# TASK TO COMPLETE:
Everything in the data must be repeated exactly, apart from the pictures, which are left out.

# GIVEN DATA:
• • • •

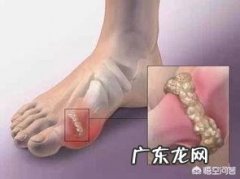 吃西药把尿酸降下来了，但痛风还是会发作，这是为什么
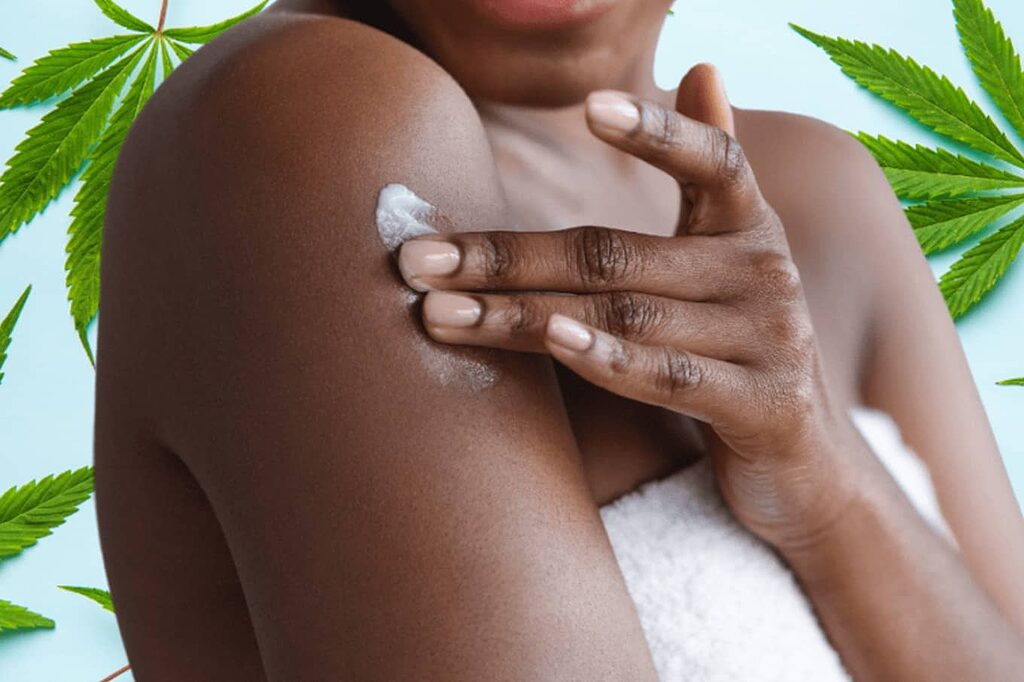 Topical Application of CBD Cream for Local Relief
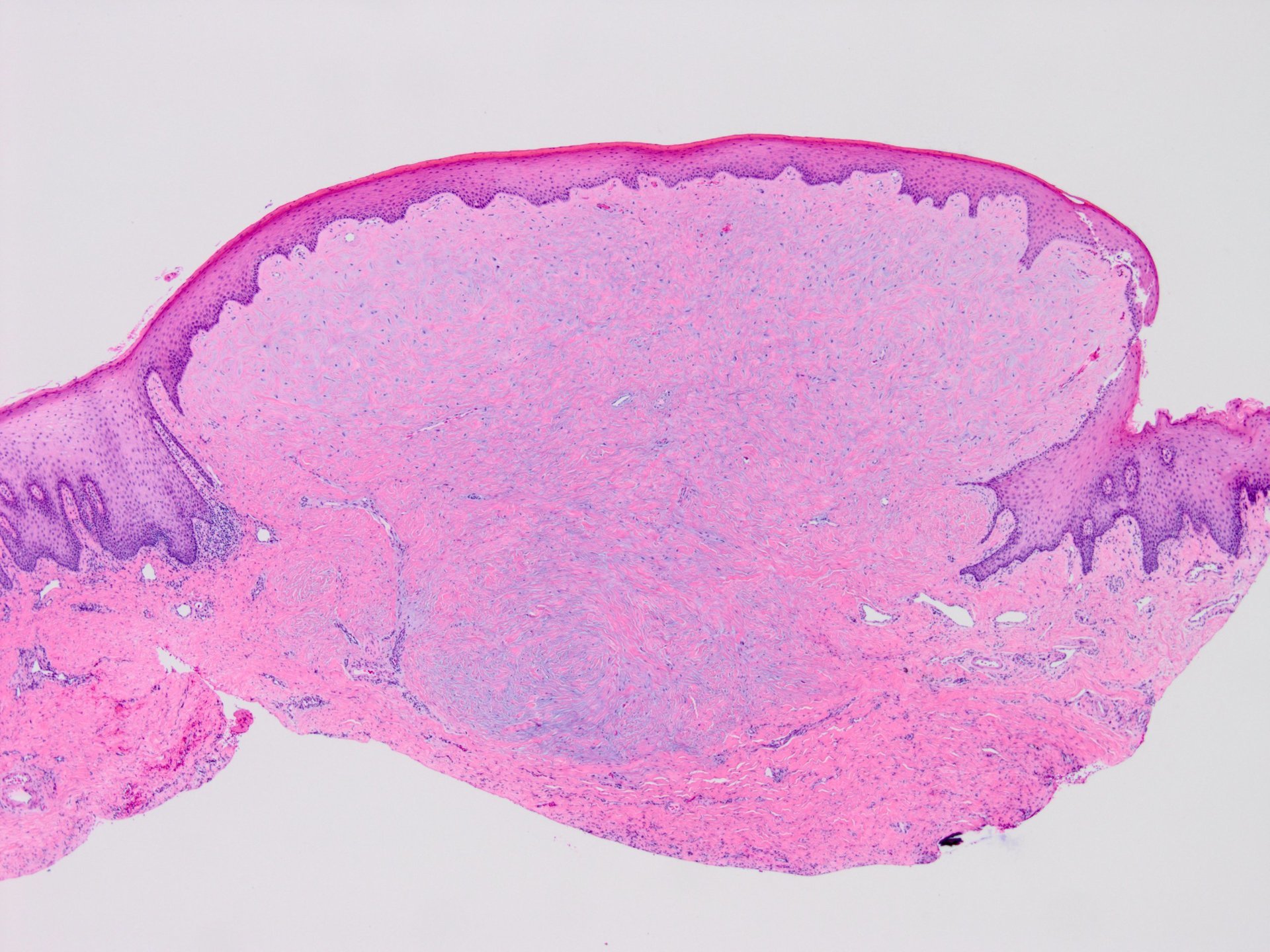 Desmoplastic fibroblastoma (collagenous fibroma) of the oral cavity 口腔の ...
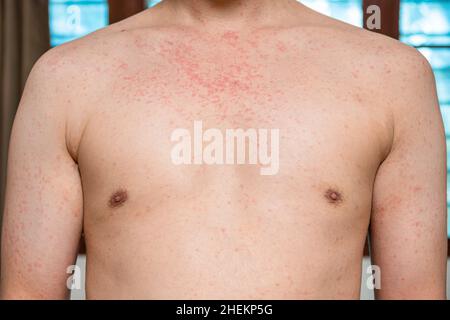 Dermatitis Hautausschlag Viruserkrankung mit Immunschwäche am Körper von jungen erwachsenen asiatischen, Kratzer mit Juckreiz, Masern-Virus, virale Exanthem Stockfoto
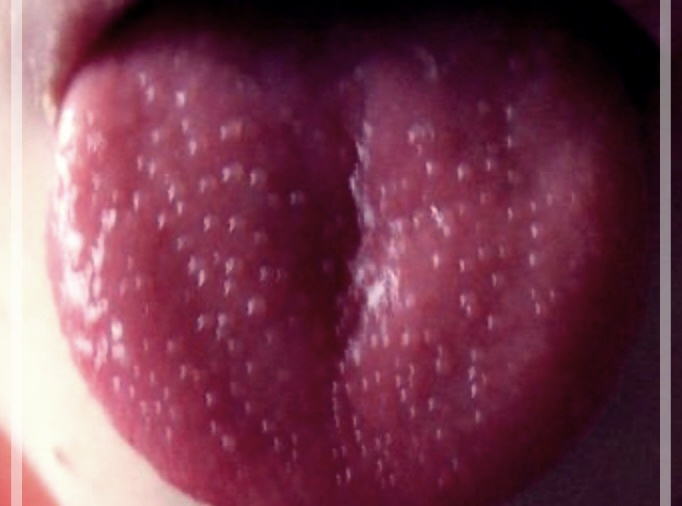 딸기혀 질병일명 가와사키병 원인 증상 치료에 모든 정보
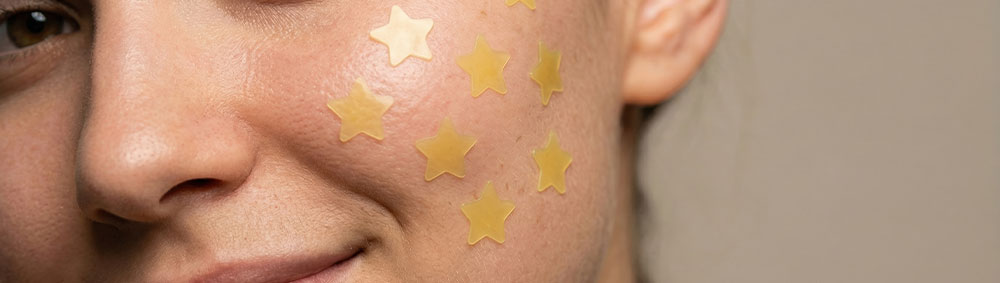 Woman wearing yellow star acne patches on her cheek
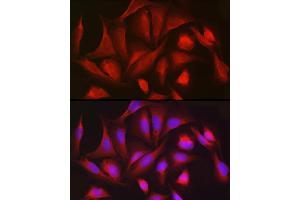 Immunofluorescence analysis of U2OS cells using PGD Rabbit pAb (ABIN6127314, ABIN6145502, ABIN6145503 and ABIN6223639) at dilution of 1:50 (40x lens).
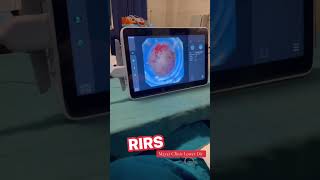 #rirs #rirskidneystone #urologist #foryou #pakistan #shorts #fylp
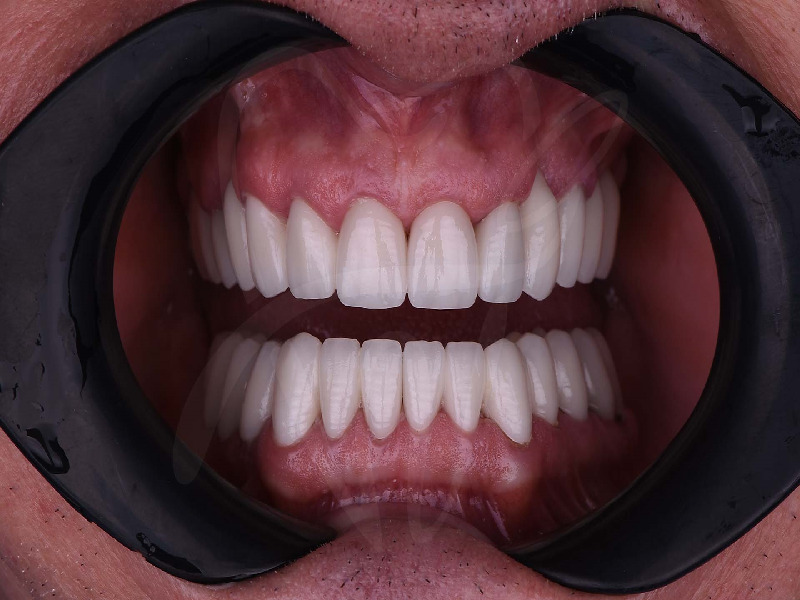 traitement du Hollywood Smile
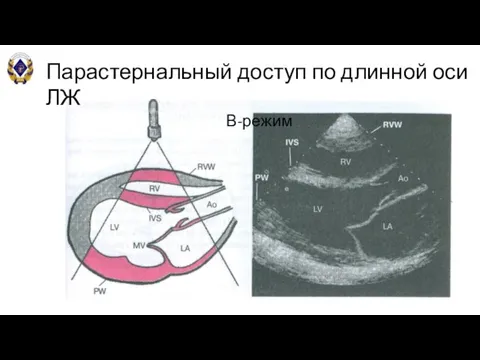 Парастернальный доступ по длинной оси ЛЖ В-режим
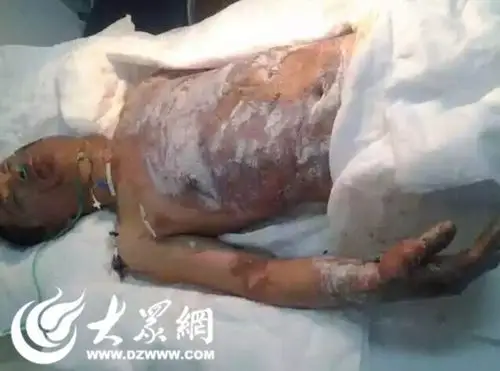 山东日照一家4口在家吃火锅发生爆炸 2人性命堪忧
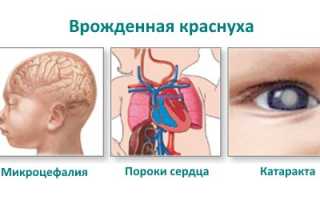 Краснуха у детей: причины, симптомы, лечение и профилактика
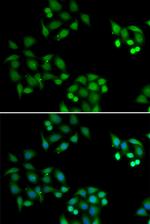 NSFL1C Antibody in Immunocytochemistry (ICC/IF)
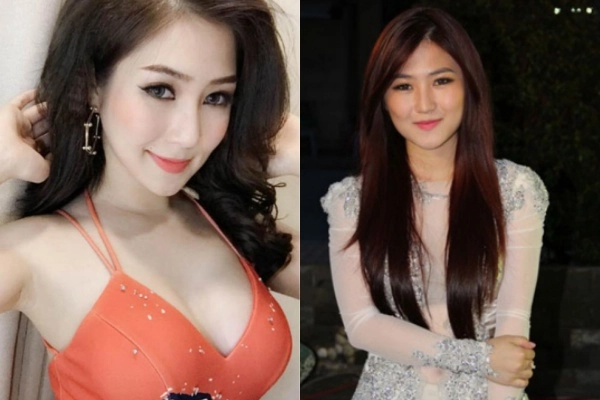 Hương tràm đẹp lên bội phần nhờ chiếc mũi thanh tú sau phẫu thuật thẩm mỹ - 3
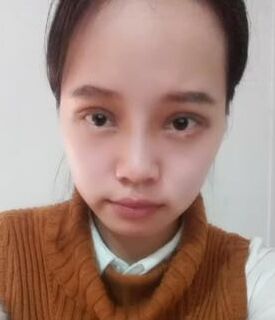 全切雙眼皮+去脂肪，終于擺脫小眼睛了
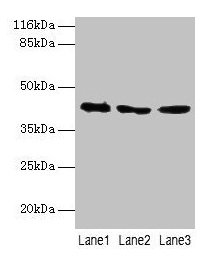 ATXN3 / JOS Antibody - Western blot All lanes: ATXN3 antibody at 2µg/ml Lane 1: 293T whole cell lysate Lane 2: Mouse brain tissue Lane 3: MCF-7 whole cell lysate Secondary Goat polyclonal to rabbit IgG at 1/10000 dilution Predicted band size: 42, 36, 40, 21 kDa Observed band size: 42 kDa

• • • •

# RESULT FOR THIS EXERCISE:
 吃西药把尿酸降下来了，但痛风还是会发作，这是为什么
 Topical Application of CBD Cream for Local Relief
 Desmoplastic fibroblastoma (collagenous fibroma) of the oral cavity 口腔の ...
 Dermatitis Hautausschlag Viruserkrankung mit Immunschwäche am Körper von jungen erwachsenen asiatischen, Kratzer mit Juckreiz, Masern-Virus, virale Exanthem Stockfoto
 딸기혀 질병일명 가와사키병 원인 증상 치료에 모든 정보
 Woman wearing yellow star acne patches on her cheek
 Immunofluorescence analysis of U2OS cells using PGD Rabbit pAb (ABIN6127314, ABIN6145502, ABIN6145503 and ABIN6223639) at dilution of 1:50 (40x lens).
 #rirs #rirskidneystone #urologist #foryou #pakistan #shorts #fylp
 traitement du Hollywood Smile
 Парастернальный доступ по длинной оси ЛЖ В-режим
 山东日照一家4口在家吃火锅发生爆炸 2人性命堪忧
 Краснуха у детей: причины, симптомы, лечение и профилактика
 NSFL1C Antibody in Immunocytochemistry (ICC/IF)
 Hương tràm đẹp lên bội phần nhờ chiếc mũi thanh tú sau phẫu thuật thẩm mỹ - 3
 全切雙眼皮+去脂肪，終于擺脫小眼睛了
 ATXN3 / JOS Antibody - Western blot All lanes: ATXN3 antibody at 2µg/ml Lane 1: 293T whole cell lysate Lane 2: Mouse brain tissue Lane 3: MCF-7 whole cell lysate Secondary Goat polyclonal to rabbit IgG at 1/10000 dilution Predicted band size: 42, 36, 40, 21 kDa Observed band size: 42 kDa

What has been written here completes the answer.